Marc Faber: Look out! A 1987-style crash is coming

The S&P has rallied 19 percent in 2013, which is impressive by any measure. But the market did far better in 1987, when stocks added more than 30 percent from the beginning of the year to Aug. 8. The problem?

The market ended up tanking in the second half of that year—dropping 36 percent from the Aug. 25 peak to the October low, before closing out 1987 nearly exactly where it began.

And Marc Faber, publisher of the Gloom, Boom & Doom Report, predicts that the very same thing will happen in the back half of 2013.

"In 1987, we had a very powerful rally, but also earnings were no longer rising substantially, and the market became very overbought," Faber said on Thursday's "Futures Now." "The final rally into Aug. 25 occurred with a diminishing number of stocks hitting 52-week highs. In other words, the new-high list was contracting, and we have several breaks in different stocks."

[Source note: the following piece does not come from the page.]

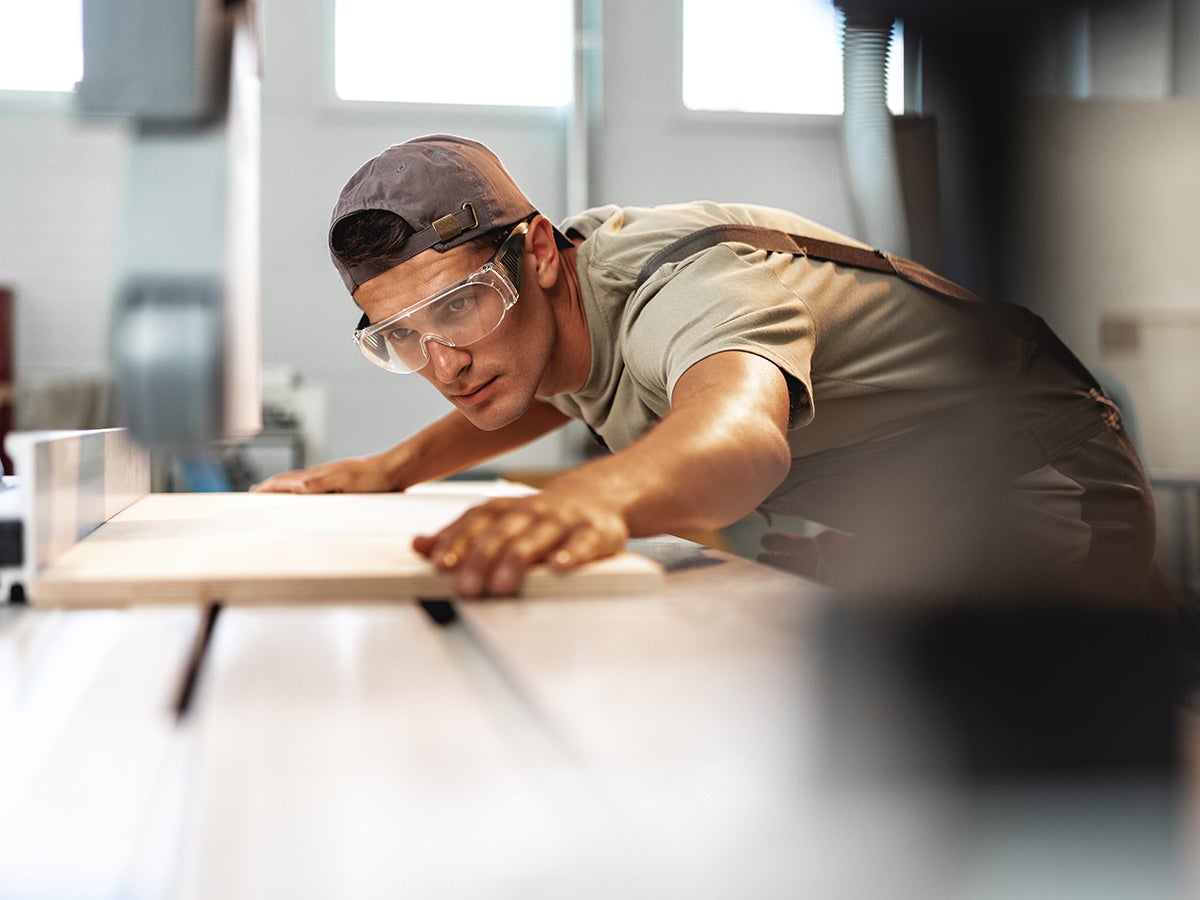 man with safety glasses lining a sheet of wood up for cutting on a table saw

Faber says that's exactly where we find ourselves this August.

"If you look at the last two days," Faber said, referring to Tuesday and Wednesday, "it's remarkable. We are close to the all-time high, at 1,709 on the S&P, and yet yesterday and the day before, there were 170 new 52-week lows. That's a very high figure."

(Read more: The S&P stalls—here comes the fall)

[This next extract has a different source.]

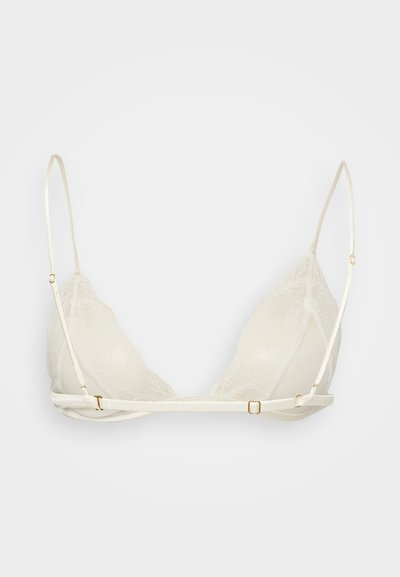 Bralette triangolare in pizzo color crema, con sottili spalline regolabili e dettagli in metallo dorato. Design in pizzo testurizzato con dettagli in rete.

That means that the market has become very reliant on a very small number of companies.

"The only way this market can go up is if the 10 or 50 stocks that are very strong continue to drive the market higher, with the majority of stocks having actually peaked out," Faber said.

(Read more: Siegel: Keep buying—you 'can't lose')

This as the macro environment is only getting more difficult. "Some of the tailwinds we've had—such as massive monetization and falling interest rates—are no longer in place," he said.

So what kind of a decline does Faber predict, once all is said and done?

His year-end market call lives up to his "Dr. Doom" moniker. Faber expect to see stocks end the year "maybe 20 percent [lower], maybe more!"